En esa tarea de cerrar la unidad trabajaron tanto Máximo como Eduardo “Wado” de Pedro, el dirigente camporista de estrecha confianza de Cristina, su principal delegado ante el peronismo y desde hace semanas un asiduo visitante de las oficinas de Fernández, a quien conoció recién después de la reconciliación con la ex presidenta y con quien construyó una relación más que fluida. Allí lo encontró el CEO de Mercado Libre, Marcos Galperín, cuando corrió a ver al candidato del Frente de Todos después del triunfo arrollador en las primarias. De Pedro es otro de los que tiene el nombre puesto en el gabinete, aunque todavía no está claro cuál será su lugar. Otra camporista de línea directa con el ex jefe de Gabinete es la ex senadora santacruceña Virginia García, coordinadora junto de los equipos político técnicos del espacio junto al albertista Nicolás Trotta.

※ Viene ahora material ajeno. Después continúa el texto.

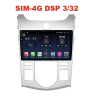 Магнитола Farcar TG038R (S400) для Kia Cerato II 2009-2013 на Android 10.0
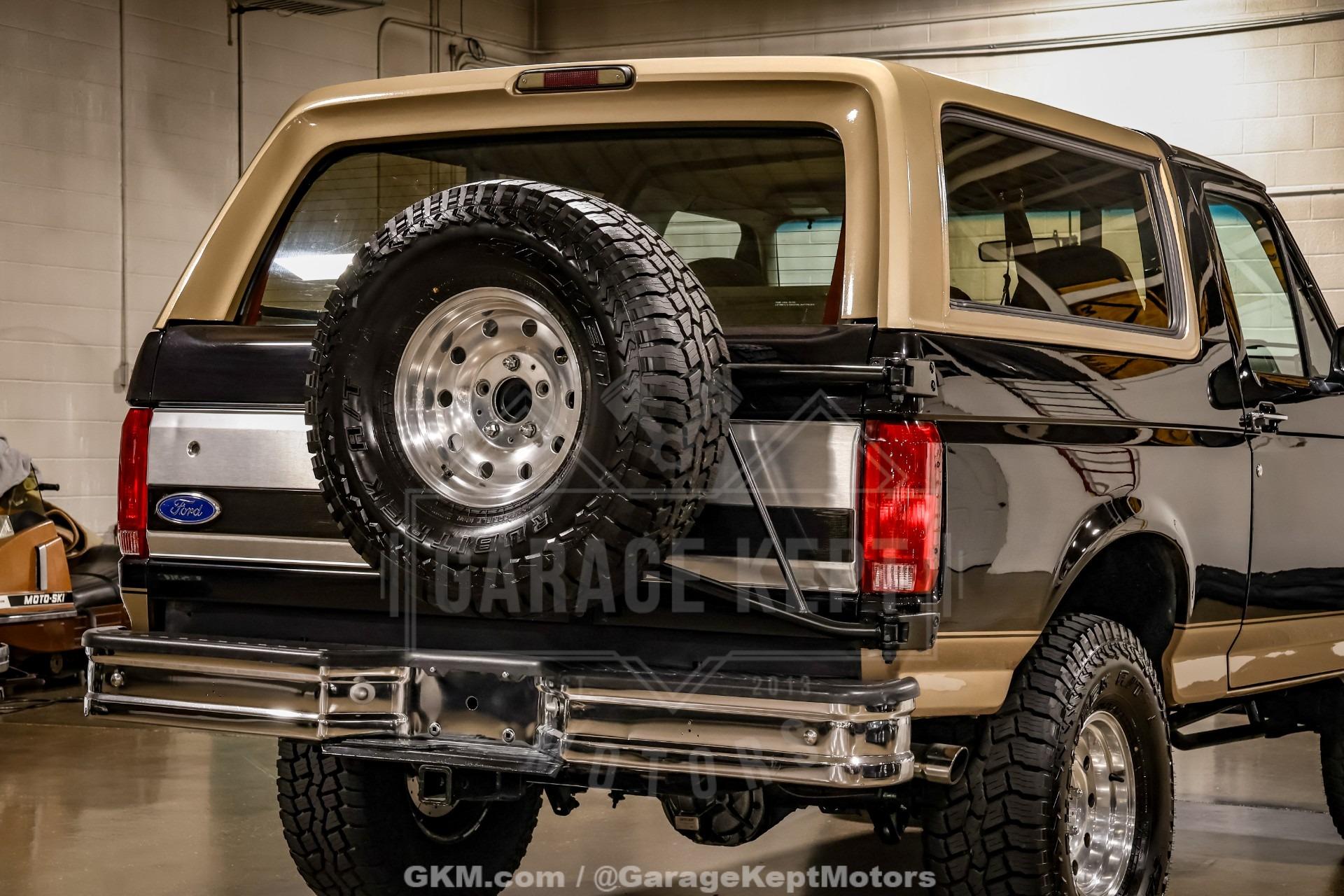 Restored 1992 Ford Bronco Custom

En los planes del candidato presidencial, la renovación de los Cafiero, Trotta, De Pedro y demás integrantes de la generación emergente, como Matías Kulfas, Miguel Cuberos, Cecilia Todesca, Fernando Peirano y Guillermo Chaves, entre otros, se entrelaza y balancea con la presencia de los dirigentes de mayor trayectoria que suenan para el Gabinete, como los economistas Guillermo Nielsen y Martín Redrado, o los históricos compañeros de militancia de Fernández en el PJ porteño, Julio Vitobello, Claudio Ferreño, Juan Manuel Olmos, Jorge Argüello y Eduardo Valdés, entre otros. Ferreño, Olmos y Cafiero son los únicos que tienen oficina propia en el edificio de la calle México, donde Fernández tiene su base de operaciones.

Junto con el vocero Juan Pablo Biondi, Cafiero es quien más tiempo pasa con Fernández, cuyo método de trabajo sus ex compañeros de gabinete kirchnerista describen como “muy a lo Néstor Kirchner”: llama personalmente, pone plazos, pide resultados concretos y está encima de todos los temas. “Es muy exigente consigo mismo, así que nos pone la vara alta a todos”, dice Cafiero, con apellido histórico y protagonismo reservado en los tiempos que vendrán.